Saved labeled datasets successfully.


## Stage 2 — Summary

Objective:
To operationally define sepsis onset and construct prediction labels
for 2-hour, 4-hour, and 6-hour horizons.

Key Decisions:

1. Onset Definition:
Since sepsis labels are constant per patient and no 0→1 transition exists,
sepsis onset was defined as the final recorded timestep
for septic patients.

2. Horizon-Based Labeling:
For each horizon H ∈ {2h, 4h, 6h}:
A timestep is labeled 1 if onset occurs within the next H hours.
All other timesteps are labeled 0.
Non-septic patients are labeled 0 for all timesteps.

3. Dataset Construction:
Three processed datasets were created:
- sepsis_labeled_2h.pkl
- sepsis_labeled_4h.pkl
- sepsis_labeled_6h.pkl

Observations:

- Total patients: 1,275
- Septic patients: 296
- Non-septic patients: 979

Positive samples per horizon:
- 2h: 1,480
- 4h: 2,664
- 6h: 3,848

The shorter the horizon, the more extreme the class imbalance.
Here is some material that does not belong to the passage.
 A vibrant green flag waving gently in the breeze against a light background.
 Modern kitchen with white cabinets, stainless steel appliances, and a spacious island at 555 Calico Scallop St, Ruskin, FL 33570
Implications for Next Stage:

- Severe class imbalance must be handled during training.
- Evaluation metrics must go beyond accuracy.
- Patient-level splitting must be enforced to prevent leakage.

Stage 2 successfully transforms the raw time-series dataset
into horizon-specific supervised learning datasets,
ready for baseline and neural network modeling.